Hormonal skin changes are not simply cosmetic. They are messages from the body. When skin changes are persistent, sudden, or concerning, it is wise to speak with a qualified healthcare provider to evaluate the broader picture.
The Sun and Skin: Respect, Balance, and Protection
Your skin needs the sun, but it needs the sun wisely.
Sunlight helps the body produce vitamin D. When sunlight reaches the skin, it sets off a reaction that helps convert cholesterol in the skin into a pre-vitamin D compound. This compound is then processed through the liver and kidneys into its active forms, helping regulate calcium metabolism, bone mineralization, immune function, and other important processes.
Vitamin D is essential for optimal immune system function, and the skin plays a central role in helping the body make it.
The key is balance.
The goal is not to fear the sun. The goal is to avoid burning, overexposure, and repeated injury to the skin. Burning damages the skin and increases long-term risk. Gentle, mindful sun exposure is very different from hours of unprotected exposure or intentional tanning.

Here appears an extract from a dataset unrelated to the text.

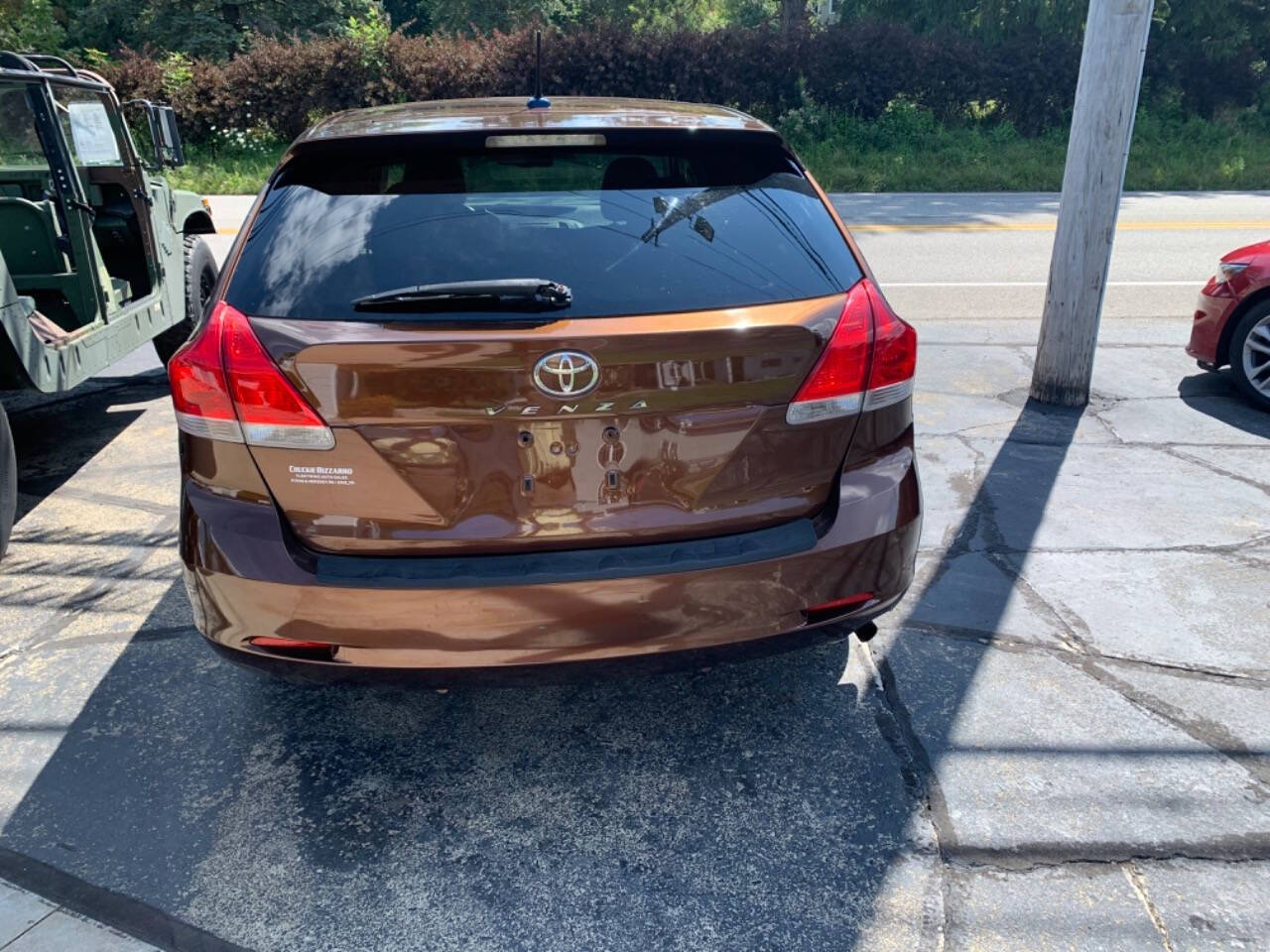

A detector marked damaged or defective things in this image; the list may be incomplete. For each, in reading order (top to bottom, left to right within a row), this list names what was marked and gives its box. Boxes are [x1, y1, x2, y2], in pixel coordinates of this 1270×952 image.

A holistic view also considers how the body’s internal terrain may influence skin resilience. Diet, inflammation, oxidative stress, toxin exposure, and overall health may all affect how skin responds to sunlight.
Dr. Maria also emphasizes limiting or avoiding seed and bean oils such as canola, soy, corn, grapeseed, safflower, and sunflower oils, while being mindful of excess oils overall. From this perspective, the combination of poor-quality fats, internal stress, and overexposure to sun may create conditions that make the skin more vulnerable to burning, irritation, and disease processes.

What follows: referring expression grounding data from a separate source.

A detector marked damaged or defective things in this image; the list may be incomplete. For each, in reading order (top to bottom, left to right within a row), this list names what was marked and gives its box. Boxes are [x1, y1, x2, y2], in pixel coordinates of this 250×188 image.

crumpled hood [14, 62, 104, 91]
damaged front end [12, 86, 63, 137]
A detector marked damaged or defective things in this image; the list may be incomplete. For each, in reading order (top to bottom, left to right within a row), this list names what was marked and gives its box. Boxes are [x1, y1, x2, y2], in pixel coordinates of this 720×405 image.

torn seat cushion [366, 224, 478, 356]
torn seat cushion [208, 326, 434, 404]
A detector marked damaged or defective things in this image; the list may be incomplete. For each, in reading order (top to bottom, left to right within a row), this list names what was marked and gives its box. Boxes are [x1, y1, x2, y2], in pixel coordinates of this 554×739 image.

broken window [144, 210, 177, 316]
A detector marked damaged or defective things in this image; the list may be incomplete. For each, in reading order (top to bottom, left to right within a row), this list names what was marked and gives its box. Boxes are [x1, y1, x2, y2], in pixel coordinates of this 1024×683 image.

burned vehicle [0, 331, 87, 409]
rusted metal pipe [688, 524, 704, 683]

Melanoma and other skin cancers are complex conditions with many contributing factors. Rather than viewing the sun as the only factor, it is more helpful to think in terms of total skin burden: sun habits, diet, toxins, immune health, genetics, inflammation, and lifestyle.
The practical guidance is simple:
- Get sunlight wisely.
- Do not burn.
- Avoid tanning beds.
- Support vitamin D appropriately.
- Eat whole foods.
- Reduce inflammatory oils and processed foods.
- Watch for changing moles or lesions.
- Seek medical evaluation for suspicious skin changes.
Metals, Tattoos, and Environmental Exposures
The skin can be exposed to metals and environmental toxins through direct contact, cosmetics, tattoos, occupational exposures, contaminated water, soil, dental materials, injections, and other routes.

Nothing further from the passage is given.